In the Mid-Year Budget Review Statement on Friday, Gondwe also spoke about rebasing the GDP, saying they will adopt a methodology that will allow the country to capture economic activities even from the informal sector as other countries do as well as information on government projects.

In a written response yesterday, Institute of Chartered Accountants in Malawi (Icam) chief executive officer Francis Gondwe, while observing that the move may help bring out the right perspective about the size of the economy and help spur foreign direct investment, advised government to come up with strategies that will positively impact the lives of the people.

He said having a higher GDP figure is meaningless when citizens are wallowing in abject poverty.

Said Gondwe: “At present, a great deal of economic activity is informal and not recorded, which gives a distorted view of the size of the economy. This would, among other things, help government to boost its revenue collection from fees and taxes.”

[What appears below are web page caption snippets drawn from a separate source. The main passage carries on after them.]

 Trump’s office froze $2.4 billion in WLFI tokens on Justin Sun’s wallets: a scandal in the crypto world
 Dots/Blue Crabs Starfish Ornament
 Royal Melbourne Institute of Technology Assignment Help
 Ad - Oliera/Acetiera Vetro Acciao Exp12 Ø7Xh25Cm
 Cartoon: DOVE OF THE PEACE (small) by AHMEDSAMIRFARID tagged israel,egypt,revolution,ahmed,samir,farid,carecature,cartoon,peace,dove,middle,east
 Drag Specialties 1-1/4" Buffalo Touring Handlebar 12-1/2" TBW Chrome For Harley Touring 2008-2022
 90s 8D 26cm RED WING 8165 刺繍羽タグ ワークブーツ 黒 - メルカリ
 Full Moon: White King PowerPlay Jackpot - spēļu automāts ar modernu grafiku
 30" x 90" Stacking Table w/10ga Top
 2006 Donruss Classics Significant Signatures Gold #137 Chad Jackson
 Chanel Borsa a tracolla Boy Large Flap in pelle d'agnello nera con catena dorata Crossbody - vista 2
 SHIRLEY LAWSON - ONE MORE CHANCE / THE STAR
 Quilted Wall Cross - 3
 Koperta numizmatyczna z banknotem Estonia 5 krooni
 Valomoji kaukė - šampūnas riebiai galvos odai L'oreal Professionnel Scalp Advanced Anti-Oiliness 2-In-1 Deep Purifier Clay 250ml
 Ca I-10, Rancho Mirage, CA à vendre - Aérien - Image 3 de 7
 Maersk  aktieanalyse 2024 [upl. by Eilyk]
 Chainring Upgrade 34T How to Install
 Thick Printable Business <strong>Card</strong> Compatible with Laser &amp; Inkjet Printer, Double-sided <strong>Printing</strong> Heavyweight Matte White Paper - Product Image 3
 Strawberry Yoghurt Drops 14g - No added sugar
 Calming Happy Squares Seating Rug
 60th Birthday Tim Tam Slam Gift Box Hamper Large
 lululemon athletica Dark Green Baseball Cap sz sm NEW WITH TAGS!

In February, local investment and advisory firm Alliance Capital Limited cautioned the use of GDP as a measure of economic performance, saying there are issues of distribution, industrialisation and employment which must also be considered if economic growth is to be meaningful.

Traditionally, Malawi has used the GDP as a measure of economic growth which was initially developed in the United States in early 1930s.

This year, government is projecting the economy to grow by seven percent, banking on good rains expected to boost agricultural output.

Government annual economic reports from 2011 to 2017 indicate that in the seven-year period, Treasury had been revising downwards growth projections.